According to a study out today, one in 11 adults say that they have no close friends. Here fashion blogger and model Becky Magson, 32, reveals what it’s like to be completely friendless in real life...
Blogger Becky Mason says she has no friends to invite to her wedding [Stuart Wood]
Posing for photos at a glamorous fashion event, surrounded by industry big hitters and other fashion bloggers, I couldn’t help be struck by the contrast to my real life. Here I seemed confident, popular and with a life many would** **. In reality the moment I left the event I was going home and, with my fiancé Sean away on business, would be spending the evening with just my pet guinea pig and rabbit for company.
Because the truth is even though I’m a successful model and blogger with over 2,000 Twitter and blog followers, and 600 ‘friends’ on Facebook, the sad truth is I haven’t got a single ‘real’ friend. There’s no one I can meet up with for a cocktail after work, and I never have had a birthday party as an adult. I’ve been engaged for over a decade now which I'm aware is a long time. It's mortifying to admit, but one of the main reasons I've been putting it off is that I’m ashamed I will have no one to invite but my family. How tragic is that? I know I’m in a rut - I crave friendship and hate being lonely, but I’m scared to take that leap, lay myself bare and try to make new friends.
And it seems I’m not the only one. A recent survey from the Office of National Statistics found that British people are among the most lonely in Europe. Only 58 per cent say they feel connected to people in their area with one in eight saying they have no one to turn to in a crisis.
Growing up I had a tight knit group of school friends and never had a problem meeting new people. But an unprovoked physical attack by a gang of teenagers when I was 16 changed my life overnight. I became anxious about going out again, terrified I’d be attacked again. At first friends would come to my house to keep me company, but quickly they got bored. I didn’t blame them. They wanted to be out clubbing, meeting guys and making new friends. And I just wasn’t the same vivacious, confident person I’d once been. Understandably, they slowly drifted away.

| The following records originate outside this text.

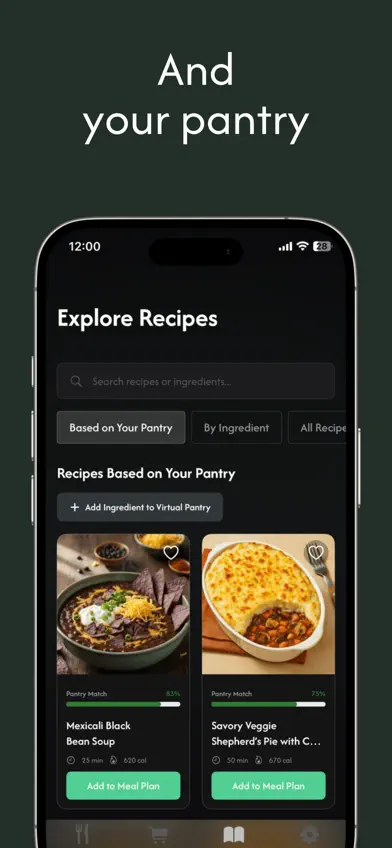 AutoChef - Meal Planning screenshot 4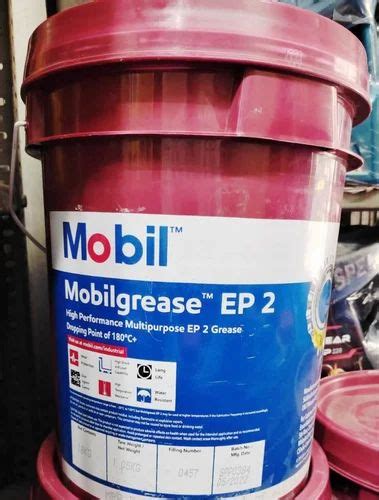 MOBIL GREASE EP2 At 380 Kg Sowcarpet Chennai ID 26227030462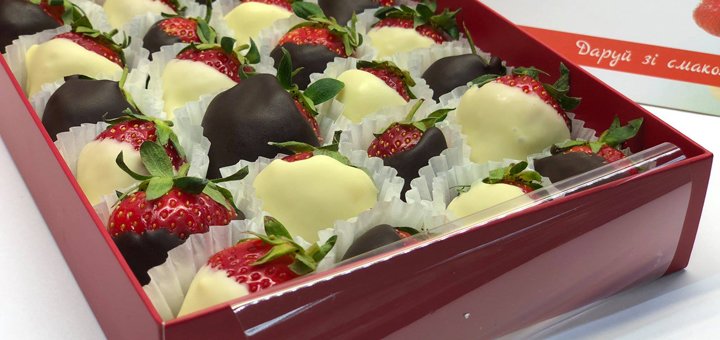 Фрукти в шоколаді «fruitlife» з доставкою по знижці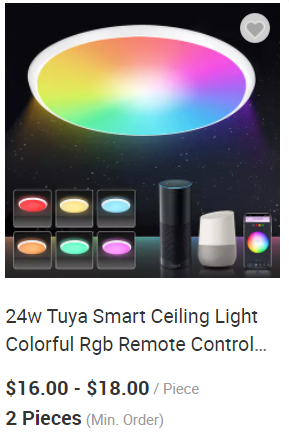 Glomarket Panel Sentuh Kaca Tuya Wifi Bulb Wireless Remote Adjustable Light Dimmer Switch Sentuh Cerdas Untuk Lampu Lampu 16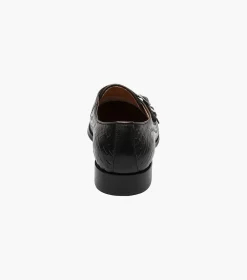 Stacy Adams Torrance Plain Toe Double Monk Strap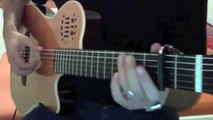 No Women No Cry   ACOUSTIC GUITAR SOLO   Composed by Bob Marley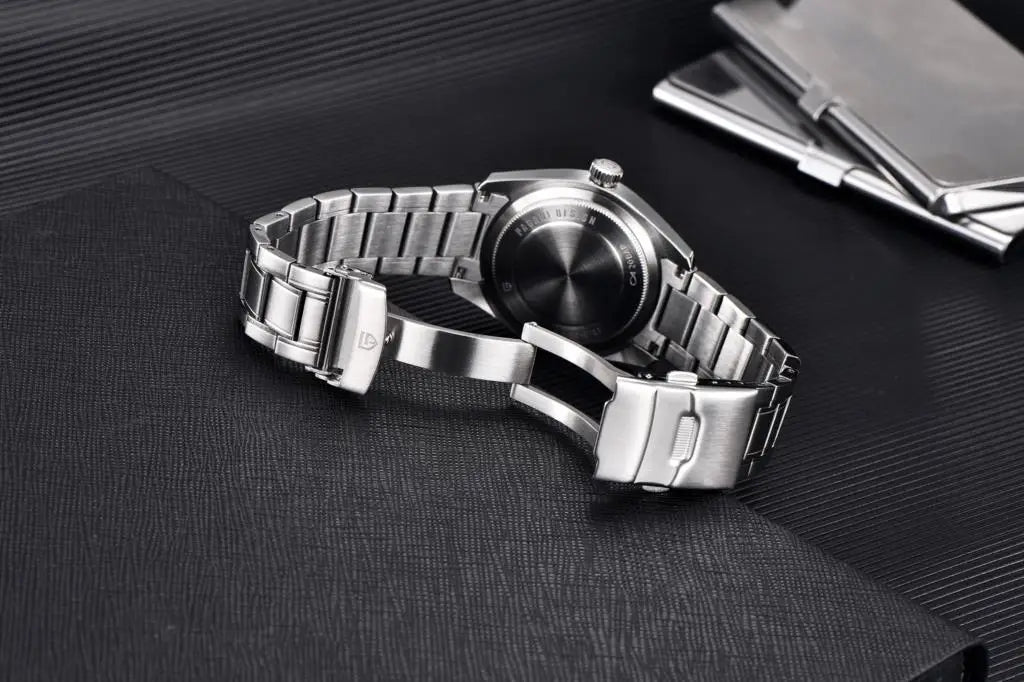 2025 PAGANI DESIGN Luxury Pilot Automatic Mechanical Watch 38MM Sapphire Waterproof Watch for Men Relogio Masculino PD1717 V2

And then I met Sean… his brother is married to my sister and although our paths had crossed at family events, one day it just felt like the dynamic had changed and we were quickly inseparable. I threw myself into the relationship and he became my boyfriend and best friend wrapped up in one. While the anxiety about going out and socialising subsided, I poured all my energies into my relantionship with Sean, and convinced myself I didn’t need friends. It just felt like he was enough, so the impetus to rebuild old friendships or make new ones passed me by.
So while former mates started university or got office jobs, forging the adult friendships they still have today, I used my relationship as a security blanket, missing those crucial opportunities which I realised too late happen less and less the older we get.
Sean and I quickly moved in together and I started up an internet business from home launching my blog, beckysboudoir.com, where I review and model lingerie. Professionally I’m doing really well. Yet I’ve inadvertently created a ‘perfect storm’ of loneliness: working from home, with no colleagues to form new friendships with, I’ve become increasingly isolated. If you looked at my social media presence you’d never guess I’m so lonely - I exchange chatty tweets with my followers, I’m photographed at industry events and I post photos from my blog shoots.
[Many lonely people appear popular on social media / Picture: Getty]
I appear busy and successful, which I am, but if people assume that means I’m popular and have an equally fulfilling social life, they’re wrong. It’s a deceptive landscape. My relationships with people online are superficial. They’re interested in my work and my brand, not who I really am. Most I’ve never met. And now it makes me desperately sad. I miss female company, and that unique bond you have with a really good friend. I adore Sean, but I do feel like I am missing out on the kind of laughs you have with a girlfriend, the hours you can pass just chatting about nonsense.
I do interact with people at networking events and fashion shows, and I do regular photoshoots for the blog, but despite coming across as chatty and sociable I’m afraid to cross the work line and suggest meeting up for a drink or swapping numbers. What if they think I’m weird? Being lonely is such a taboo word in today’s busy, sociable world, we’re suspicious of people who can’t connect to the world around them, presuming there must be something ‘wrong’ with them. I'm worried people will think I'm desperate for friendship and then think I'm pathetic and reject me.
Sure, I have a great social life with Sean – we like to go to concerts, eat out and walk at weekends – Sean has lots of friends, and of course they have wives and girlfriends. But I panic at the thought of being paired off with one of them, with a pressure to bond just because our partners are friends. It feels so unnatural and he knows that, so he tends to socialise with his friends separately and I stay at home. This makes the cycle of loneliness even worse, but I am still too scared to take those first steps to socialise. Sean knows how I'm feeling but we don’t really talk about my loneliness any more. I’ve been this way more or less since I met him and he’s so sweet I think he avoids raising it because he doesn’t want to upset me or make me feel under pressure to do something about it.
I think it's interesting that there are now friend dating events to try and solve the increasing 'loneliness' problem in society, but I wouldn't have the courage to go. That tortorous self-doubt is always there. What If people don’t like me, and I’m just not friendship material anymore because it’s been so long since I one?